I bought a new machine for research and it has 12 Physical CPUs (24 logical CPU’s), and I wanted to process a 3D model written as vtu files. What I have is 12 vtu’s, all referenced in a single .pvtu file to read it in parallel in ParaView.
When I open the .pvtu file in ParaView 5.8 (direct download from compiled version on Mac), the ParaView distributes the data only to 12 CPUs (as VtkProcessID is between 0 and 11, so 12 CPUs), although I have 24 pvserver actively working with it (autoMPI Limit=24).
Do you have any idea why it’s doing so?
ParaView will only read one file into one process. Otherwise, especially on supercomputers, you would have horrible interprocess communication. This is true for VT* files and Exodus. So, 12 files get read into 12 processes. The only file format that I know of that will efficiently “spread” around numerous processes is a .raw file format.

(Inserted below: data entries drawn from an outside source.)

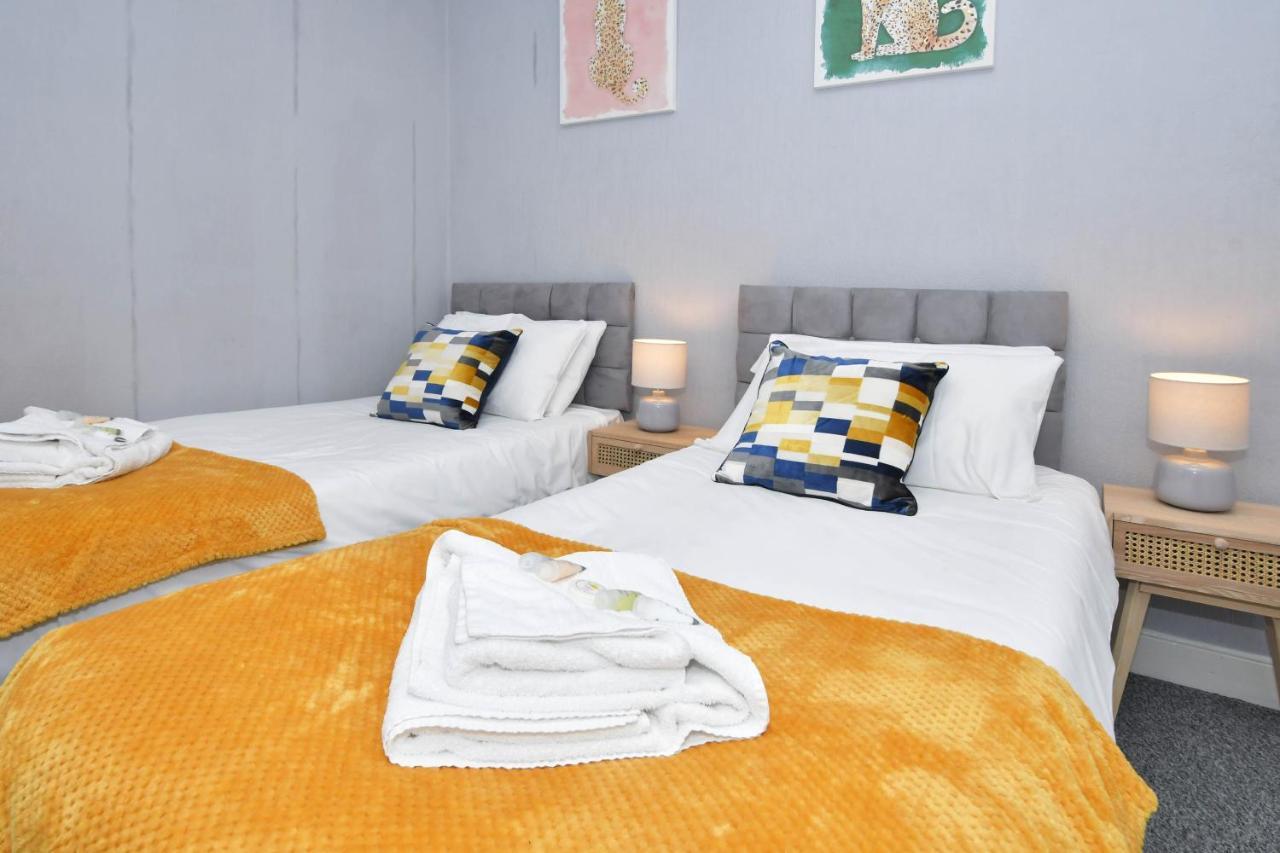 The Yellow Door By Avenew Management Serviced Apartment *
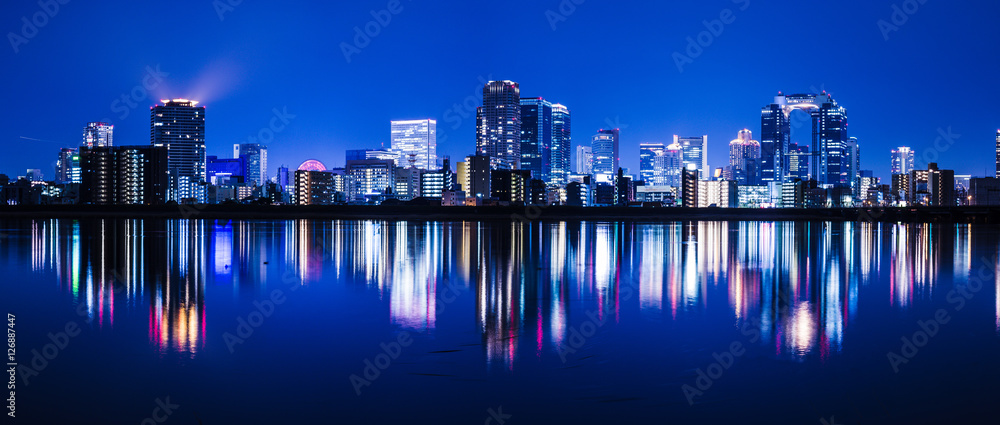 都市の夜景 日本のビル群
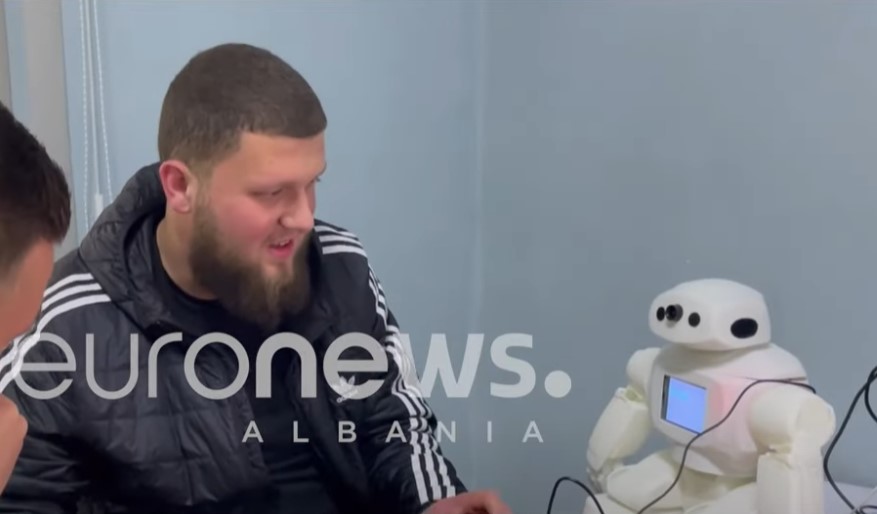Ndërtoi robotin që flet  18 vjeçari në Pogradec po punon që ai të përgjigjet shqip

Thanks for the reply. When I use 6 CPU’s, ParaView doesn’t read one file into one process. It reads 2 files into one process. If this is possible, then it should also be possible to distribute 12 files into 24 CPU’s.
Of course. You can always have multiple files read into each process. For instance, you could have all 12 files read into one process.
ParaView is an opensource product, and of course stands on the shoulders of it’s users. If you would like to contribute a modification of the VTM reader, we would appreciate it…
It’s a nice invitation, but I am not that kind of a guy who can modify a code or sth.
Reading two files onto one process and appending the results is an easier problem than partitioning one file onto two processes (or at least there are more decisions to make with the latter problem).
You can use the Redistribute DataSet filter to repartition the data from 12 processes to all 24.
If I Redistribute DataSet to 24 Cores, which were already distributed to 12 Cores once we first uploaded it to ParaView, then I would have 2 Datasets available in ParaView Pipeline Browser, they are common copy, one is distributed to 12 Cores of my computer, and the other is distributed to 24 Cores of the same computer. I feel like I am losing in efficiency by doubling the data and making two different distributions. What do you think?
Indeed, that is a concern. One way to get around it is to save out the dataset from the 24 processors, reset ParaView, and load in the single data set.
@ofbodur : If I can add something, when working with Parallel VTK format, you should always generate the finest grain you may need at any point, as the readers are unable to redistribute the data, but can combine partitions together.
Thanks Mathieu and Cory. Using D3 filter, which distributes the dataset to the # of processors that I opened with paraview (pvserver), I was able to save the data as already distributed to 24 cpus. I also uploaded the 24-cpus-distributed-data (pvtu) to Paraview with only 12 cpu’s activated (AutoMpi=12). However, the distribution of data to cpu’s were not even, which is fine for now.
Also, when I save it as a state file, I hope the number of cpu’s don’t matter… Otherwise, it will very hard to share a state file.
Number of cpu do not matter for state files.
Thanks @mwestphal it’s very useful to have that.
Does the operation system matter for state files ? For example, if I share a state file created in MacOS, can someone open it in Windows using the same version of ParaView?
OS does not matter and state files are cross platform.
The only limitations is ParaView versions. It is in general supported to open a state file with a newer version of ParaView, it is never supported to open a state file with an older version of ParaView.